Les moyens seraient gérés telle la popote de manière quelconque avec le concours de quelques collaborateurs au vu et au su de tous par les personnes chargées de la manipulation des chiffres au sein du ministère. Conséquence, de nombreux prestataires de services, partenaires du ministère de l’Education nationale, ont décidé de fermer les vannes, privant le ministère de leurs prestations.

Pour preuve, en cette fin d’année académique, les chefs d’établissements secondaires de la place ont éprouvé toute la peine du monde à procéder à la remise des bulletins de note aux élèves. Le système informatique en réseau avait été bloqué par le prestataire qui en a la charge, faute d’argent pour solder une ardoise de trois mois. Il aura fallu de nombreuses tractations pour colmater les brèches, trouver dare-dare de l’argent pour débloquer la triste situation. Le mauvais état des caisses a failli impacter négativement l’organisation  des examens du brevet d’études secondaires et du baccalauréat. En cause : pas assez d’argent pour le paiement de la prime aux examinateurs et  surveillants. Là encore, il aura fallu aux principaux responsables de ministère de courir dans tous les sens pour trouver les fonds nécessaires à cette exigence.

Question : à quoi a servi le budget de fonctionnement du  pour qu’on en vienne à déplorer un tel assèchement des comptes ? Au ministre de répondre à cette question. Des sources dignes de foi, l’homme aurait pris le malin plaisir de ne pas réagir aux difficultés dont fait face son département qu’après coup. Autrement dit, il aurait d’autres chats à fouetter plutôt que de faire diligence aux épineux dossiers qui s’accumulent sur sa table de travail et qui mettent à mal le fonctionnement optimal du ministère.
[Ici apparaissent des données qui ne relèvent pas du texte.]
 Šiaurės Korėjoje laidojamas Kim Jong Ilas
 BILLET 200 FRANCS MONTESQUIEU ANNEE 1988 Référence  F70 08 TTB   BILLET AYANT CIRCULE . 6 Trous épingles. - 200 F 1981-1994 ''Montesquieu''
En effet, perdu entre les balades de santé intempestifs avec une cohorte de mange-mille dans l’hinterland, mais également dans une action politique dont ont  a le plus sérieusement du monde de la peine à percevoir le réel apport à la Majorité républicaine et sociale pour l’Emergence, faute d’assises politiques. Ce n’est pas tout. Le ministre serait pointé du doigt par les membres de son propre cabinet. Ces derniers se plaignent des parapheurs qui s’éternisent dans son, que ceux-ci comportent des documents qui revêtent un caractère urgent pour leur traitement. S’ajoute à ce chapelet de récriminations, la surfacturation des prestations de services. La pratique est alimentée et entretenue. Le mangement a pris d’autres proportions, au point que le ministère enregistre de nouveaux riches dont l’un, conseiller financier, homme de main du ministre, ne fait pas mystère de sa puissance financière qu’il exhiberait dans une localité sise après les ponts de Kango. Vivement que la Commission nationale de lutte contre l’enrichissement illicite jette un coup d’œil dans les luxurieux tiroirs de ce côté du gouvernement.  Pour mettre un terme à la saga financière ainsi dénoncée.